Lucy Eldine González Parsons (1853 - 7 de março de 1942) foi uma notável anarquista estadunidense que em sua infância no sul dos Estados Unidos fora escrava, mais tarde em sua vida aderiu ao movimento operário sendo uma das mais respeitadas oradoras de sua época. Foi também a cônjuge de Albert Parsons, um dos libertários mártires da revolta de Haymarket em 1886.

Teve também um papel importante na fundação da organização sindical Industrial Workers of the World ao lado de Daniel De Leon, Eugene V. Debs, "Mother" Mary Harris Jones, William Trautmann, Vincent Saint John, Ralph Chaplin, entre outros.

Ao longo de sua vida deu forma a uma biblioteca de mais de 1.500 publicações que logo após seu falecimento em um incêndio seria apreendida junto com todos seus escritos pessoais por agentes do governo.

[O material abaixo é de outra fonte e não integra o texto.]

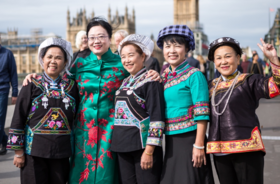  一年之计看两会｜她带着刺绣来上会，让大山里的绣娘与市场“牵手” 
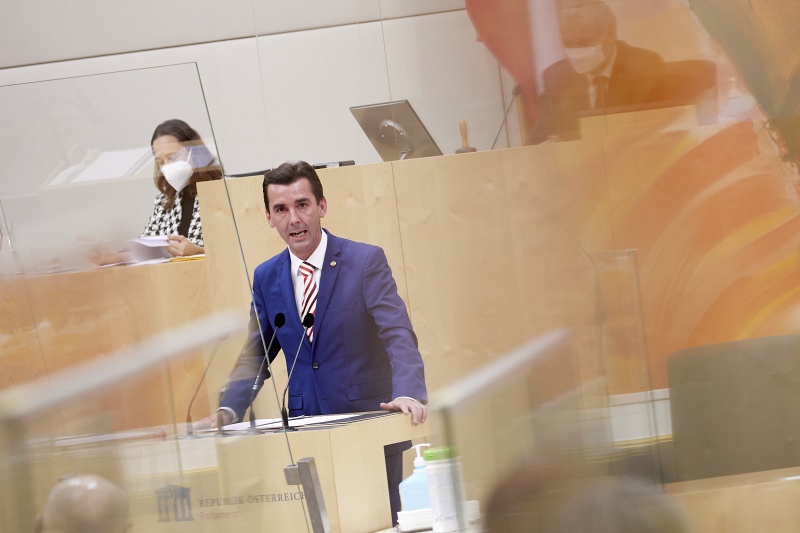 Am Rednerpult Bundesrat Josef Ofner (FPÖ)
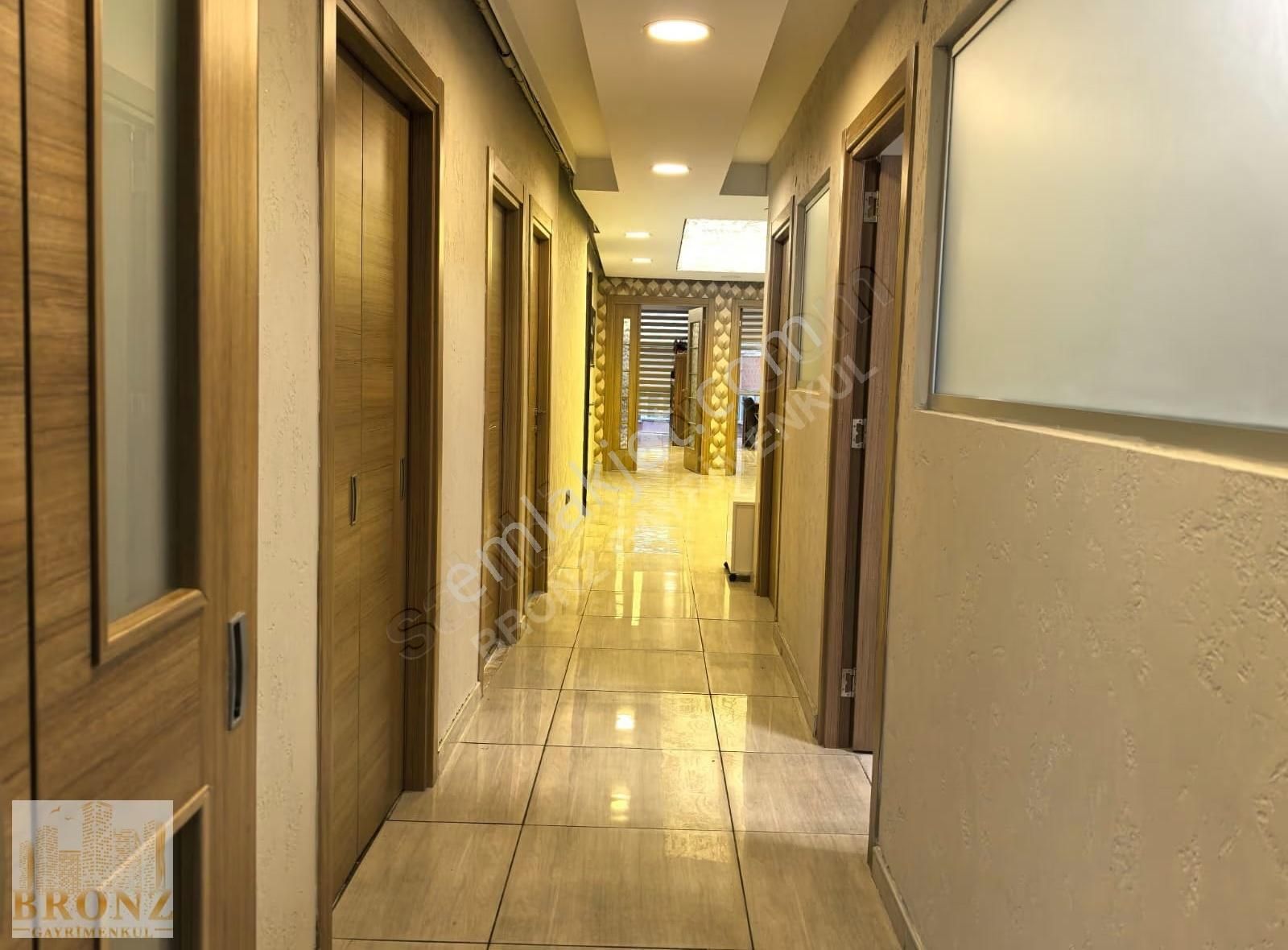 Çarşı Metro Karşısı Eşyalı Kiralık 150m2 Ofis , Asansörlü,4.kat - Görsel 20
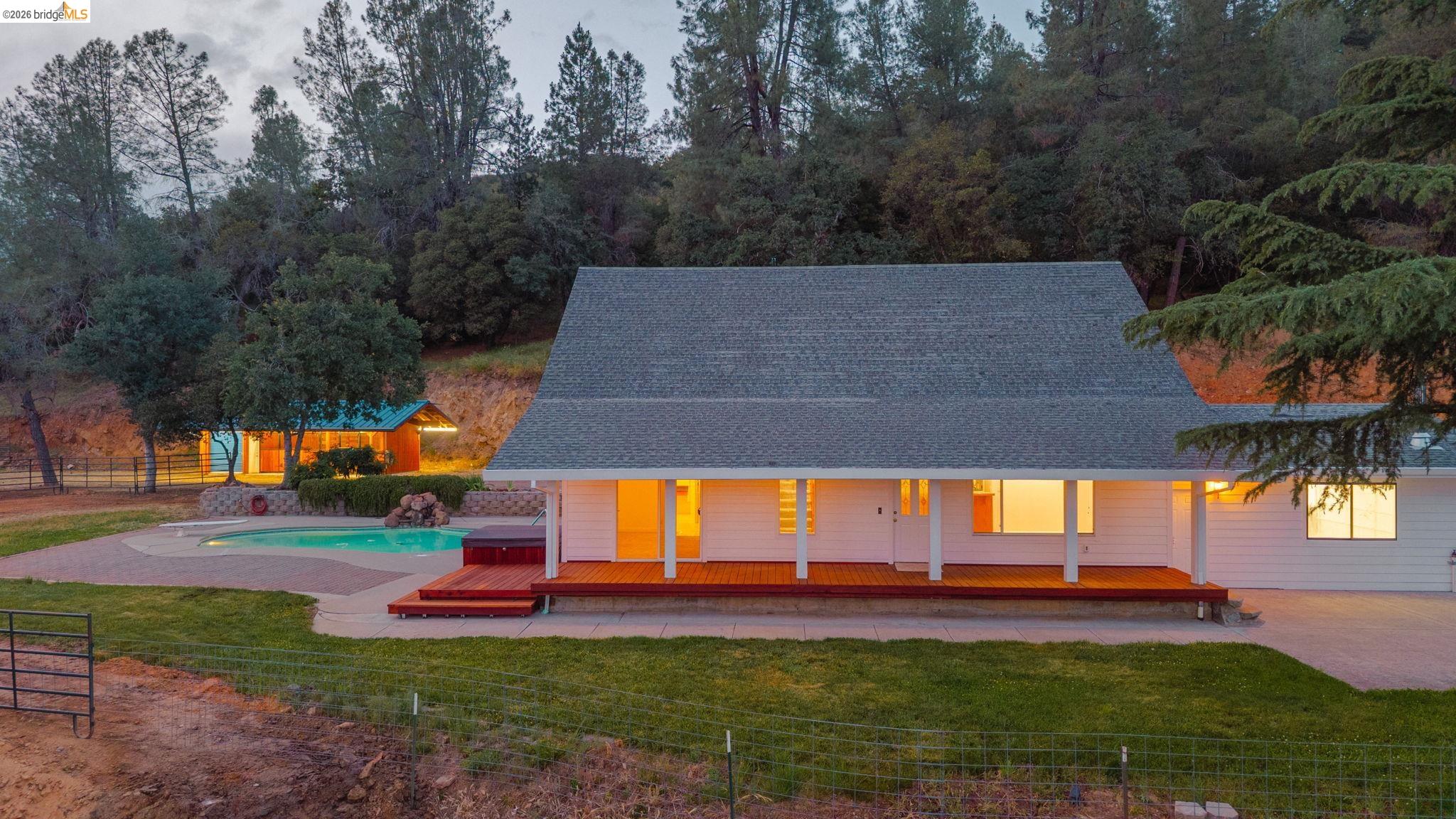 19466 Mira Monte Rd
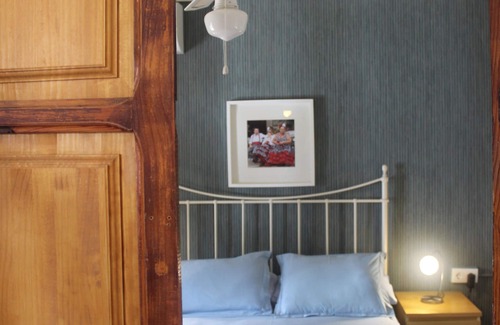 Almedinilla Bed & Breakfast | Casa La Nuez B & B, spacious bathrooms, free WiFi, terrace, swimming pool, garden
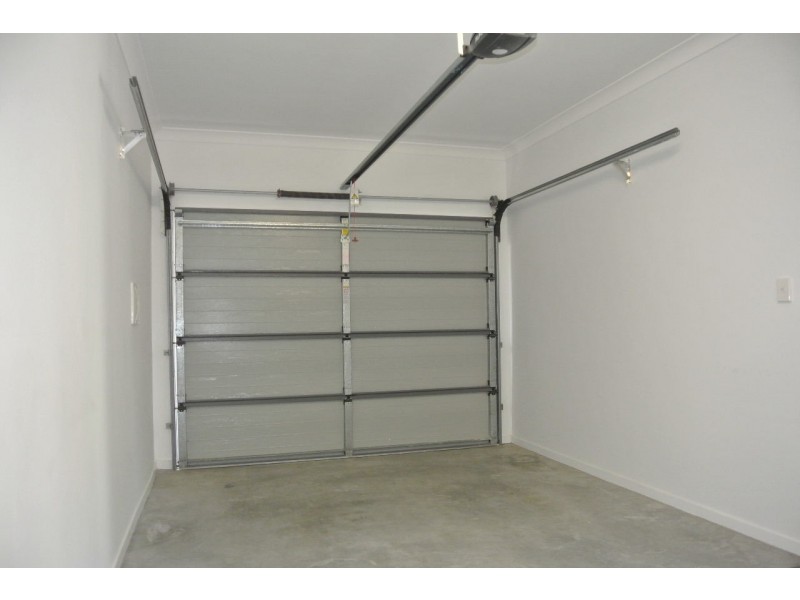 1/19 Waratah Avenue, Carina QLD 4152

É considerada por muitos libertários estadunidenses ainda hoje uma das anarquistas mais influentes de seu tempo.

Biografia[editar | editar código-fonte]

Primeiros anos no Texas[editar | editar código-fonte]

Lucy Parsons nasceu em 1853 na cidade de Wacco, estado do Texas em meio ao período da Guerra Civil estadunidense. Nasceu escrava, filha de uma mexicana negra chamada Marie del Gather e de John Waller, mestiço da nação Creek. Lucy tornou-se orfã aos três anos sendo criada por um tio de nome Oliver Gathings. Durante sua juventude era conhecida como Lucy Gonzales.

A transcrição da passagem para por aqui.